Investing.com – European natural gas prices dropped on Tuesday after the Wall Street Journal reported that President Donald Trump has told aides that he is considering ending the war in Iran without having largely reopened the Strait of Hormuz.
The Dutch TTF front-month contract, the European natural gas benchmark, was last down 2.3% at 53.73 euros per megawatt hour.
Trump and his aides assessed that a mission to reopen the strait would push the conflict beyond his timeline of four to six weeks, the WSJ reported, citing administration officials. Trump decided that the U.S. would wind down current hostilities with Iran after achieving its main goals of hobbling Iran’s navy and missile stocks, the WSJ said.
Washington will then pressure Tehran diplomatically to reopen the strait, failing which, it will press allies in Europe and the Gulf to take the lead on reopening the strait, the WSJ reported.

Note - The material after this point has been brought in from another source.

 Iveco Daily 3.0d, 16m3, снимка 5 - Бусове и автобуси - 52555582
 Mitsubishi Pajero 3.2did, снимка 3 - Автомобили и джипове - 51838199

The Strait of Hormuz has become a key point of focus for the U.S.-Israel war on Iran, with Tehran having effectively blocked the passage with mines and missile strikes. Roughly a one-fifth of the world’s oil flows through the narrow waterway off of Iran’s southern coast.

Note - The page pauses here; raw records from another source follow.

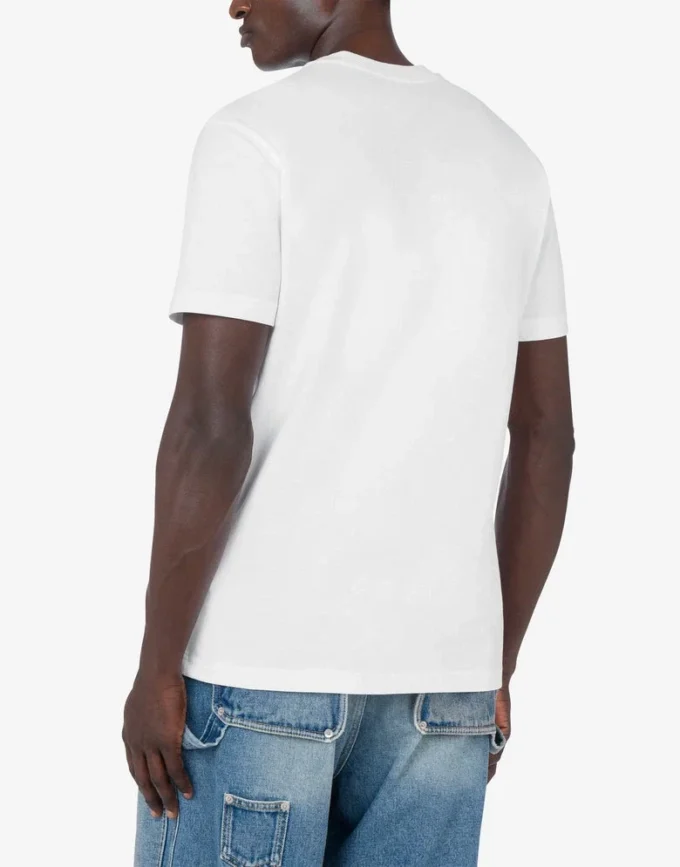 T-shirt z logo Laurel Crown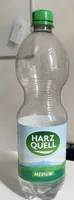 HarzQuell Mineralwasser Medium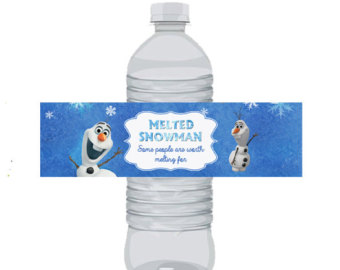 Printable Olaf   Melted Snowman   Some People Are Worth Melting For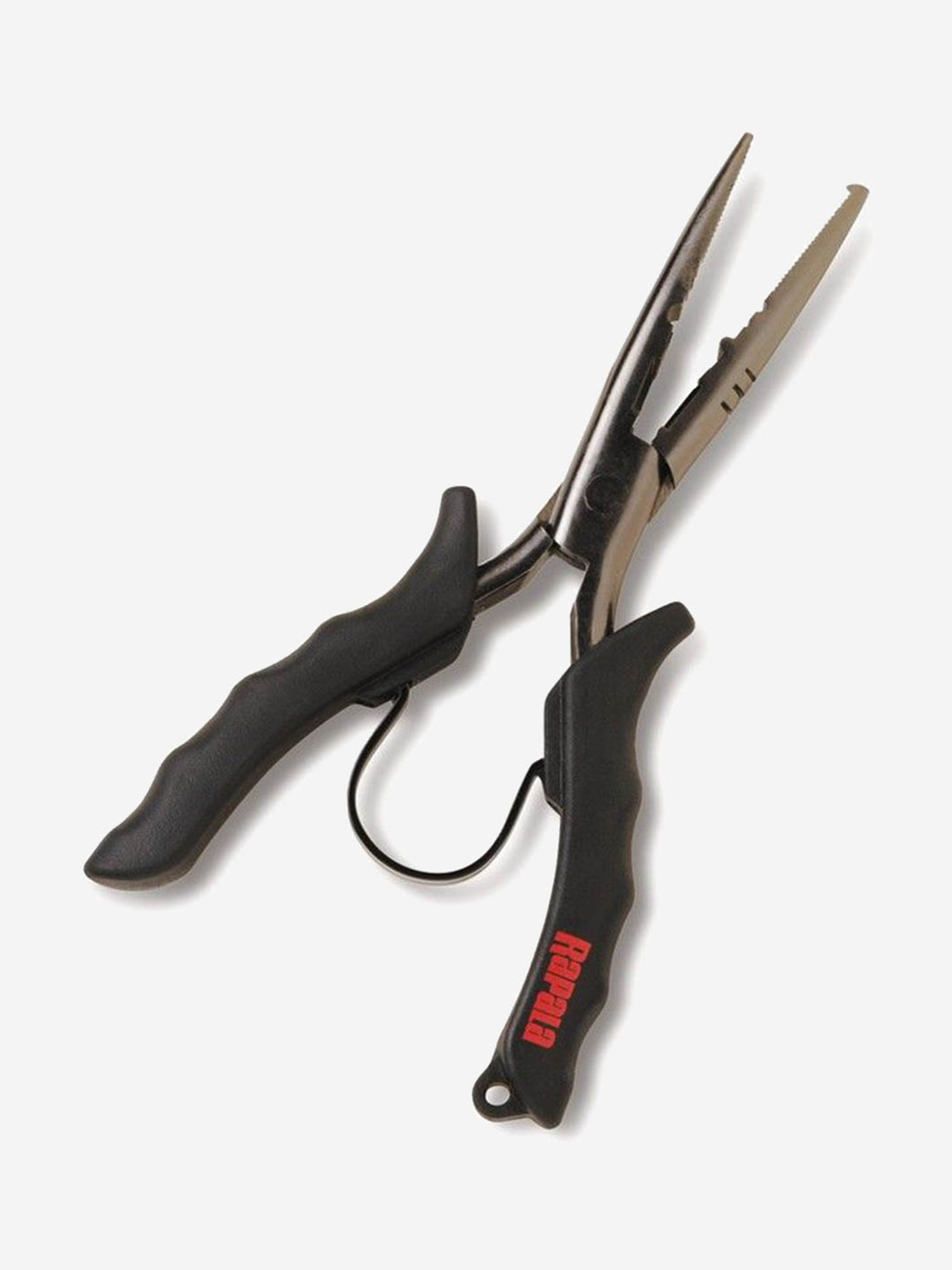 

Плоскогубцы для рыбалки Rapala Stainless Steel, длина - 22 см, Черный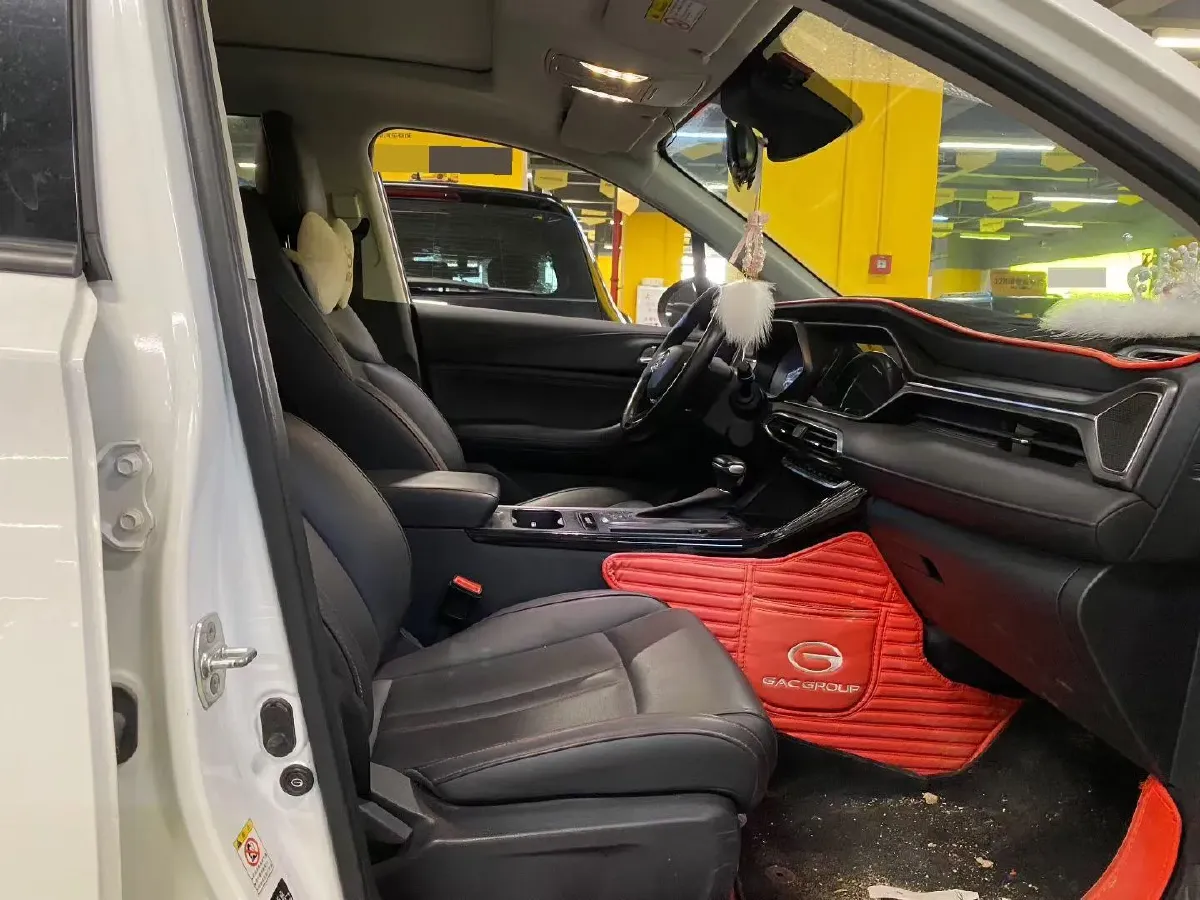 2020 GAC Trumpchi GS4 1.5T 169HP L4 6AT,autocango,china used car exporter,china ev exporter,chinese used car exporter,chinese used ev exporter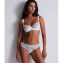 Aubade Mon Bijou String Blanc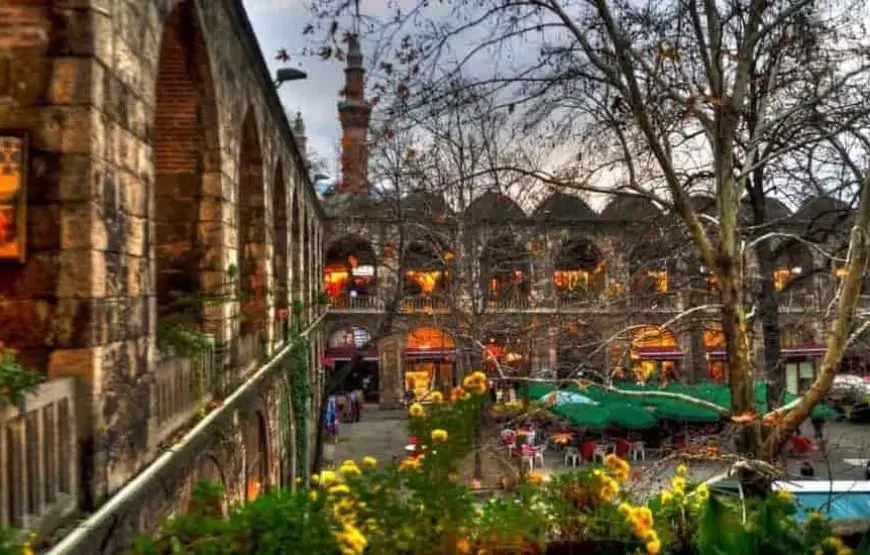 Bursa Day Trip from Istanbul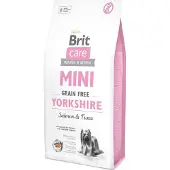 Brit Care Grain Free Mini Yorkshire 400 g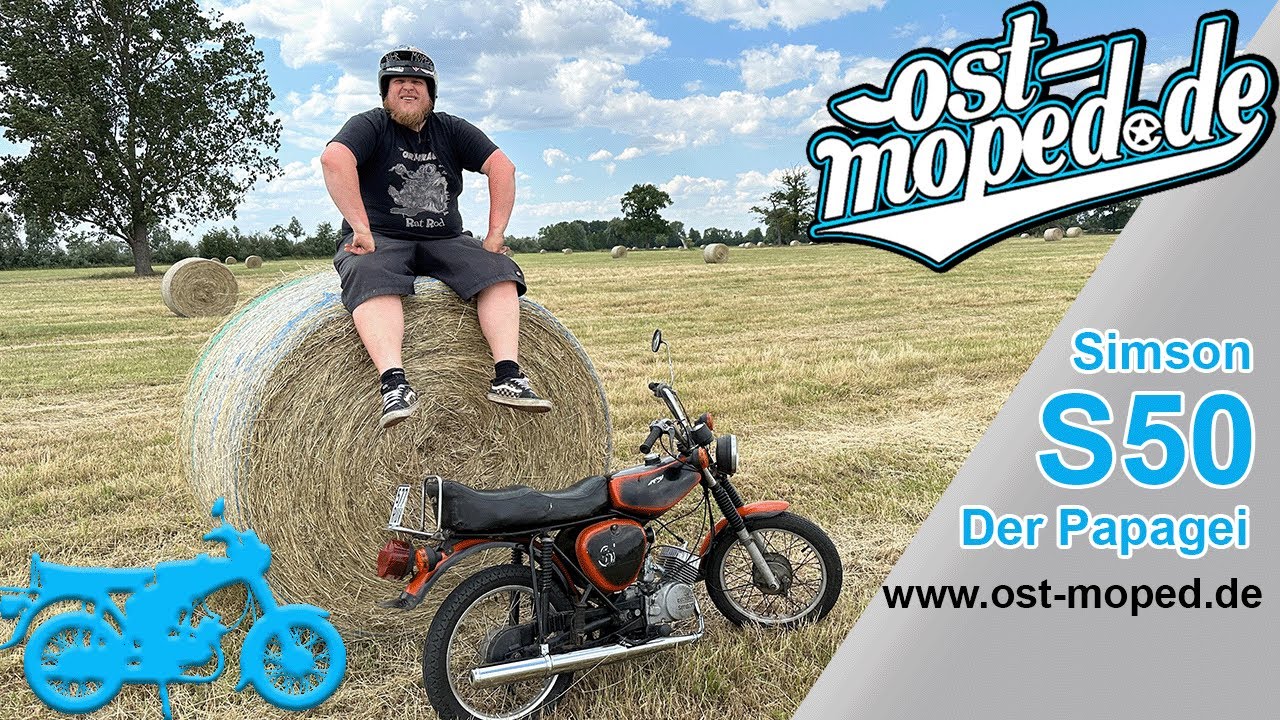 Simson S50 | So rüstet ihr eine VAPE nach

Last week, Trump set an April 6 deadline for Tehran to either reopen the strait or face U.S. attacks on its key energy and water infrastructure. But Iran has largely rejected calls to unblock the strait and has attacked tankers attempting to pass through Hormuz in the past month.

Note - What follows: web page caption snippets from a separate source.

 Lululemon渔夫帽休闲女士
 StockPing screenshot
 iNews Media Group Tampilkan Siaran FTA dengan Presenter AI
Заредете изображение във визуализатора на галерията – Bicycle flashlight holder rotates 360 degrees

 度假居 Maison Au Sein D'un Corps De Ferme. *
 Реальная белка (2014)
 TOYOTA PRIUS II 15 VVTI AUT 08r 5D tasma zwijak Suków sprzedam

The closure has sparked a sharp increase in global oil and gas prices over the past month, fueling worries over a surge in inflation in countries around the world and threatening to weigh on a host of industries.
Europe, which has come to rely on liquefied natural gas imports from the Persian Gulf following Russia’s invasion of Ukraine in 2022, has been exposed to the war. Over the past month, have soared by more than 68%.
Data on Tuesday from Eurostat showed that Eurozone inflation accelerated to 2.5% in March, below economists’ estimates but higher than the European Central Bank’s 2% medium-term target, largely due to the energy shock. In February, a time that largely does not include the now more than month-old joint U.S.-Israeli assault on Iran, consumer prices in the Eurozone currency area rose by 1.9%.